===== DATA BELOW

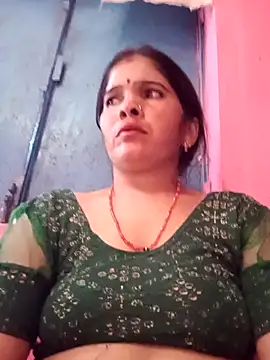 RAJE hot online show from December 23, 6:22 am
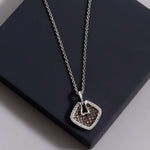 Rhodium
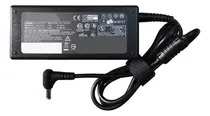 Comprar Cargador Genérico Para Laptop Acer 19v 3.42a 65w 5.5*1.7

==========

§ WHAT IS NEEDED
Could you print the listing above word for word, without its pictures?

§ RESULT
 RAJE hot online show from December 23, 6:22 am
 Rhodium
 Comprar Cargador Genérico Para Laptop Acer 19v 3.42a 65w 5.5*1.7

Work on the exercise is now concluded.